So, roundabout winter solstice, and I'm using the dry weather to lift my entire roof, to replace the rotten purlins. Winter on the Highveld does not make for comfortable picnicking on a tin roof, so phonecalls are not exactly appreciated. It's the wife, she must have urgent news. She has; there will be an eclipse today, can I please grab her camera and take some pics? Yeah, right, that fancy toy of yours? But a man has to try. I know how digital cameras work, technically, but I've never used a professional camera before. Better be safe, then. This is what I came up with:
This shows the camera on a tripod, with a dustcloth draped over for shade. I am working on a hot tin roof, not babysitting a machine! The front is covered with heavy aluminium foil cut out to fit two welding helmet lenses stacked on top of each other.

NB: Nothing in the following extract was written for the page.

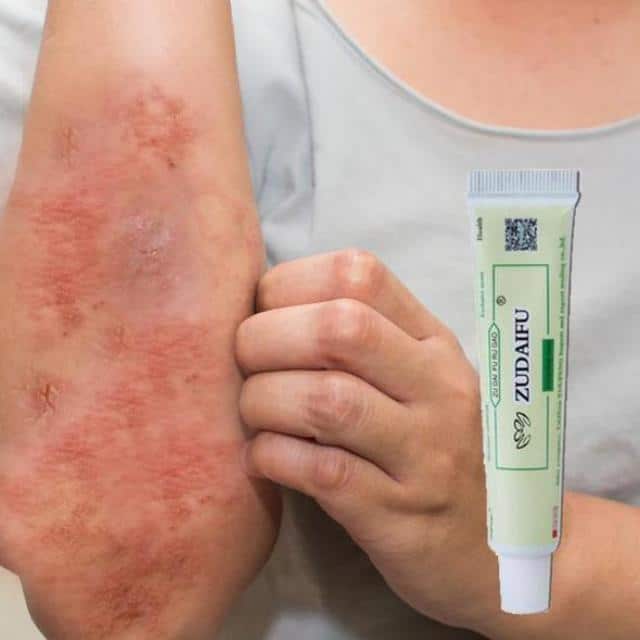Is It Possible To Have Eczema And Psoriasis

This made it possible to focus on the sun, but I would not try sell the photos. As a matter of fact, it looked no better than pictures I've seen of a children's trick. Never tried it myself, for some reason I never had a teacher tell me anything like it, but it sounded simple enough: pin a small hole in a shoebox to point at the sun. Make a second hole so you can see the shadow of the sun agains a paper inside... as I say, never actually seen it done, so I decided to experiment. The experiment turned into a piece of black styrofoam meat packaging balanced in front of a white paper board. No worse than the camera:
For lunch, I go inside, and the sun shining through the holes in the tin roof where we must still repleace the roof nails, are showing me this:
Moral of the story? If you know nothing of photography, but you are trying to build your wife a web presence, and she does not get around to writing something so we can test the darn page, then the man writes a photograpy article about how he knows nothing about photography and illustrates it with photos from his cheap cell phone. Job done, hope Dani speaks to you someday, she really is busy these days.